# EXERCISE INPUT:
-----

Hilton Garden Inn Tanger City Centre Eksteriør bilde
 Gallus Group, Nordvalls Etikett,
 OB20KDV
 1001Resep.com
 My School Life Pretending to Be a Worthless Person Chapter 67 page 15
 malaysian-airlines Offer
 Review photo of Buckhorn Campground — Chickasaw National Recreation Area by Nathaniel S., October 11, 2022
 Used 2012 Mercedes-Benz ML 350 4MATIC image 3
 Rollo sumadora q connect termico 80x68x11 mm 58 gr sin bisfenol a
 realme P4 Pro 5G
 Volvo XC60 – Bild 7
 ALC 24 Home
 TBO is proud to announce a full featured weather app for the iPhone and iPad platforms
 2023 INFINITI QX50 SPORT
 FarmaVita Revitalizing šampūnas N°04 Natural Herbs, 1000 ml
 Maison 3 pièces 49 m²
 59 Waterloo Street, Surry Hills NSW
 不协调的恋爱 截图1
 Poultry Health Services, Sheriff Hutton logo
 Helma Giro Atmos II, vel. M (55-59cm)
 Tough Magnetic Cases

-----

Output nothing but the lines from the one containing "59 Waterloo Street, Surry Hills NSW" to the end of the listing, both of those included, exactly as given.

 59 Waterloo Street, Surry Hills NSW
 不协调的恋爱 截图1
 Poultry Health Services, Sheriff Hutton logo
 Helma Giro Atmos II, vel. M (55-59cm)
 Tough Magnetic Cases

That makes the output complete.